Customer demands for a modified sleeve design, the same footprint as the original machine, a clever infeed and two tray types were met by a turnkey line from Cama. Secondary and tertiary packaging specialist Cama Group was presented with this multi-faceted challenge by a customer in North America.

Primarily, the customer wanted to replace its existing sleeving machine, and initially wanted to keep the sleeve blank format the same. The new machine had to fit into the current factory space as well as accept products coming from downstream primary packaging at 180 degrees to ‘normal’ infeed. Compounding these challenges was a requirement to package two different tray types flat into sleeves in threes/sixes or standing into shelf-ready carton trays in eights or twelve.
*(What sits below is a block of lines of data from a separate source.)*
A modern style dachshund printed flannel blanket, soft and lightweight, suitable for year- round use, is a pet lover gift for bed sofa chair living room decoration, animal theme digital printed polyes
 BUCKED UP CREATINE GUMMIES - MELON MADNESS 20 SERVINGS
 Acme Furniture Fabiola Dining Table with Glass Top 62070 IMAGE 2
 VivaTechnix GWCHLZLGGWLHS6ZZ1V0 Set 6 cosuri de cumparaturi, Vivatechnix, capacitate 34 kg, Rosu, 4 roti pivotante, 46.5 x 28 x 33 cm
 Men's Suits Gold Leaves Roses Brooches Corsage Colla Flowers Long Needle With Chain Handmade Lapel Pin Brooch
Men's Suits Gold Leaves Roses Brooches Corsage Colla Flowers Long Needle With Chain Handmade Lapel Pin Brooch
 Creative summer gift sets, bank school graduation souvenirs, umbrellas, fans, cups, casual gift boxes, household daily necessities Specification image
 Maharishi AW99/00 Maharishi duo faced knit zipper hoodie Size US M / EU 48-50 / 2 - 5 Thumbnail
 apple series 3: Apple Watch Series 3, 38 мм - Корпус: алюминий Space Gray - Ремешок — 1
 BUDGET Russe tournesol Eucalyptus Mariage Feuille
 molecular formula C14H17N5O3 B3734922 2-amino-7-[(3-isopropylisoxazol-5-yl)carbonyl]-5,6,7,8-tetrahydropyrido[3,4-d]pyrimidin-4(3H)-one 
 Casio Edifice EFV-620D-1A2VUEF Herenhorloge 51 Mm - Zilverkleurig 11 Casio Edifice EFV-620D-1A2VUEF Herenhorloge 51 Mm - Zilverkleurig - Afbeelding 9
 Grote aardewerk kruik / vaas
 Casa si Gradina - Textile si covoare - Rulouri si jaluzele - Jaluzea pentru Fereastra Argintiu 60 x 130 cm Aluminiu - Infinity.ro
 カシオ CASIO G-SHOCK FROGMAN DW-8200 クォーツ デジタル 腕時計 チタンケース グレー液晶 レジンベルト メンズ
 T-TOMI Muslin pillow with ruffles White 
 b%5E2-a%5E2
Finally, during the project’s design process, the marketing team at the customer decided it wanted a modified sleeve design similar to that of a leading competitor, which added further complications to the machine’s strategy, especially the closing and gluing processes, which had to be faultless in order to maintain the shelf appeal.

The turnkey line developed by Cama comprises two IF318 top loading sleevers followed by an FW748 wraparound case packer. “Not only have all the functional issues and demands been addressed, but the customer now has a sleever/case packer combination that offers a throughput of some 360 packages per minute,” explains Davide Di Lorenzo, sales engineer manager at Cama Group.

In operation, the products enter a snake conveyor which ‘corrects’ the in-feed orientation. In parallel, carton sleeves are picked from a carton magazine and placed six at a time into a mono-axis shuttle conveyor. The incoming trays are then placed into a racetrack using robots equipped with grippers from Gimatic; designed using specific requirements from Cama’s engineers.

These grippers take hold of the trays at their edges – to avoid any damage to the packs – and stand them in an upright brand-forward position ready for loading into the six pre-formed sleeve packs. Once loaded, hot melt is applied to the lateral flaps, which are then closed using servo-driven pressure plates.

The customer had a specific demand that there were to be no flaps overlapping any of the external front faces. As a result, Cama’s engineers designed a clever answer where a robot head pushes the face panel outwards so that the glued upper flap can be tucked inside, maintaining the all-important smooth outward appearance demanded by the customer.

“This capability is unique to Cama,” Di Lorenzo explains. “The previous supplier tried to modify its machine to achieve this functionality but was unable to attain the necessary quality levels; the machine was simply not doing what the customer wanted.”

Following the secondary packaging, the multipacks are then transported to the case packer that handles a wraparound case format that is constructed from flat blanks. Not only does this save 43% in material use from the previous RSC cases used, but 25% more cases can be stacked in each pallet layer – 5 x 4 compared to the original 4 x 4.

“This application demanded a fully digitalised solution; therefore, we deployed our full Industry 4.0 offering,” explains Di Lorenzo. This was not just on the technology front, but also as a consultant, as a seminar was run for customer engineers and operators to ensure the best use of the equipment.